We here at Faughnan on Ethics are starting to become something of an online jukebox. Once again, a loyal reader has taken to Twitter and requested that something be talked about on this blog. And, once again, we are complying. Although this time with a bit of a twist because the story in question really isn’t something where there is an awful lot that can be said from an ethics standpoint beyond — “You can’t do that no matter how just you think your cause is.”
The story in question is the fact that the identity of the leaker who brought about the coverage of the “#MeToo” situation at CBS that brought down Les Moonves has come to light. You might have read some of the stories that came out in 2021 revealing that because someone — believed to be an attorney working on the investigation — had leaked information about the investigation that CBS and one of its law firms ended up settling claims of invasion of privacy for millions of dollars.
Earlier this month, as a result of the person’s decision to go on a podcast, we now know that the person who did the leaking was Allison Diercks, who was at the time an associate at Covington and Burling working on document review relating to the investigation. Ms. Diercks has nothing much to say in her defense as she has to admit that she knowingly violated her duties in making the disclosure but that she did so because she was worried that CBS would not do anything about the conduct. Lawyers can almost never take the law into their own hands, and Ms. Diercks is no exception. She has been suspended from the practice of law for 18 months starting back in 2021, she obviously lost her job, and, interestingly, she has claimed during the podcast that her former firm has threatened to come after her if she ever tries to be reinstated to practice law. In fact, she says that is the reason she has not applied for reinstatement even though her term of suspension has ended.

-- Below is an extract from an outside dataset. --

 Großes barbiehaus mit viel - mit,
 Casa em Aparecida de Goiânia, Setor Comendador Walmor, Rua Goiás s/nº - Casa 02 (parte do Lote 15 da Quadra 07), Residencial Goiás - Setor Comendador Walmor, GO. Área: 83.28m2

Now, in order to provide appropriate fan service but also have enough content for a full post, let’s point out that knowingly leaking documents is not the most frequent way these days that lawyer working on high-profile matters are doing things they know (or have to know) are wrong because they feel they are serving a greater purpose.
We’ve written in the past about lawyers quitting their representation of the only former POTUS to have never won the national popular vote, and be impeached twice, and be criminally indicted who have gone too far in making public statements about why they dropped their former client. Now, we are doing so again because earlier this month Timothy Parlatore became the latest lawyer to publicly quit representing Donald Trump. And, like people who have done the same before him, he has done so by verbally lighting a match and dropping it into lighter fluid.
You can go read articles about what that lawyer has had to say here and here, and here but even only somewhat loyal readers of this site will know that basically none of the statements the lawyer makes about why he stopped representing his clients are things this lawyer can say unless he got Trump’s permission to say them. To the extent there is any nuance about why this is the case, a lawyer’s obligations of confidentiality don’t just mean that they cannot disparage their former client publicly but they also cannot disparage other lawyers representing the common client because the opinions about the other lawyers are also information about the representation of the common client.
Or, stated more succinctly, it is almost always correct advice to say that “Representation of a client is not an airport; there is no need to announce your departure.”